Even if it were lifetime though, that wouldn't have anything to do with this. The screenshots show all my rides/ratings for 2 weeks. How did I lose rating while only getting 5 stars?


----------



## Taksomotor (Mar 19, 2019)

It is just a stupid number.


----------



## Pax Collector (Feb 18, 2018)

That's the average of your last 100 rated trips. It tends to fluctuate a lot as a result. 

On a side note, are people still really concerned about their ratings that much? Aren't there more pressing issues such as pay and car maintenance?


----------



## UberAdrian (May 26, 2018)

Pax Collector said:


> That's the average of your last 100 rated trips. It tends to fluctuate a lot as a result.
> 
> On a side note, are people still really concerned about their ratings that much? Aren't there more pressing issues such as pay and car maintenance?
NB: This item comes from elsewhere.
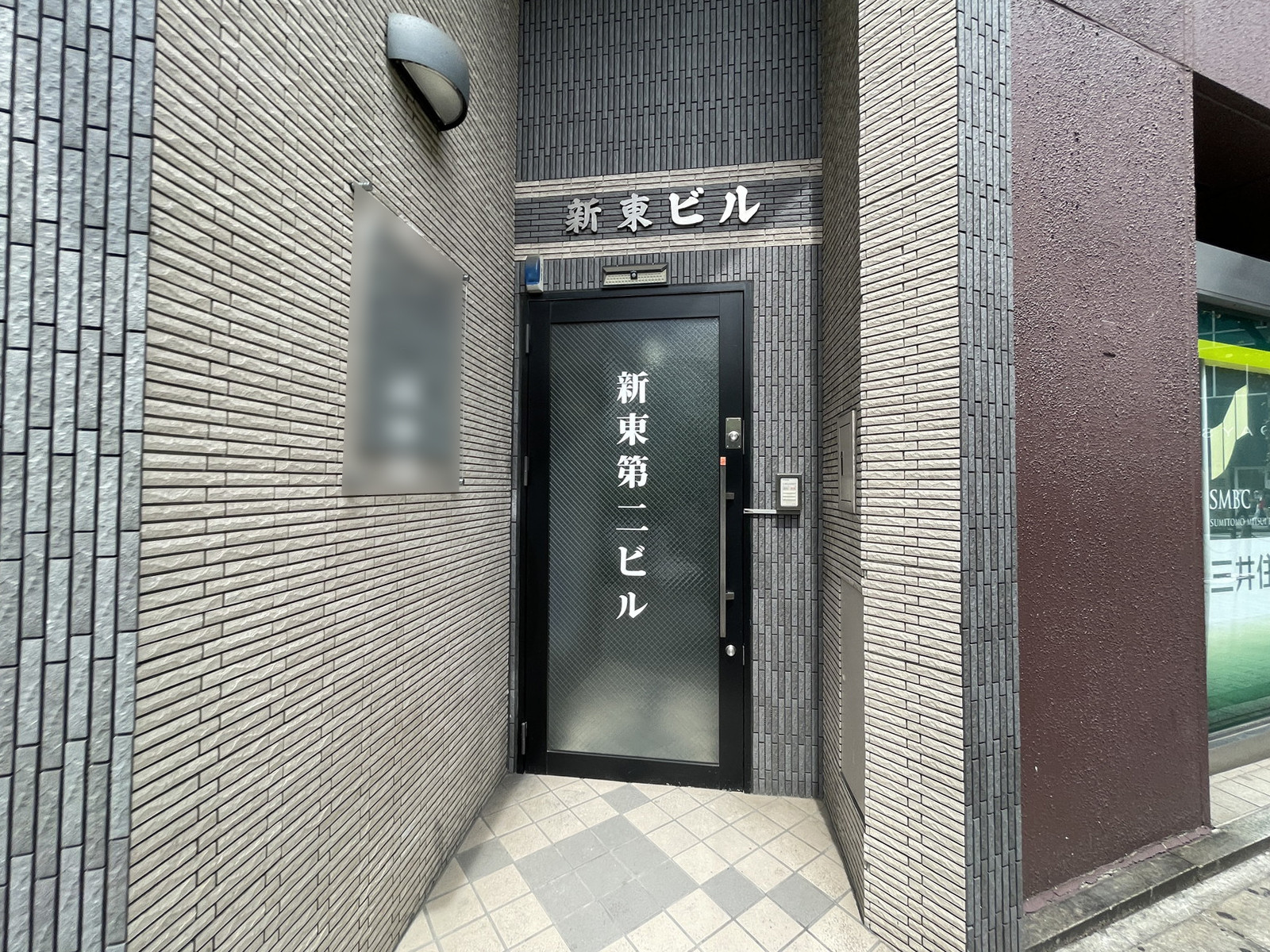 オフィスビル出入口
What? Yes we agree its the average of the last 100 rated trips. So if my rating is <whatever> and I only get a bunch of 5 stars, how does that pull the average DOWN? It should go up or stay the same at worst.

I'm not concerned, just trying to figure how this is possible. Because it seems Lyft went into my account and manually tanked my rating for some reason...which I know is crazy but I don't see any logical way that a rating can down while you're only getting 5 stars!


----------



## Wildgoose (Feb 11, 2019)

UberAdrian said:


> I'm 99.9% sure that's not accurate. There is no such thing as a "lifetime" rating. There is only 1 rating and it's based on last 100 ratings.
> 
> Even if it were lifetime though, that wouldn't have anything to do with this. The screenshots show all my rides/ratings for 2 weeks. How did I lose rating while only getting 5 stars?


Yeah.You are right. They are all 5* rating for 2 weeks. But your driver rating went down to 4.88 from 4.9 without any negative rating. It is absurd. I just noticed that. 
Did you get any under 5* on and after 4/12?


----------



## UberAdrian (May 26, 2018)

Wildgoose said:


> Yeah.You are right. They are all 5* rating for 2 weeks. But your driver rating went down to 4.88 from 4.9 without any negative rating. It is absurd. I just noticed that.
> Did you get any under 5* on and after 4/12?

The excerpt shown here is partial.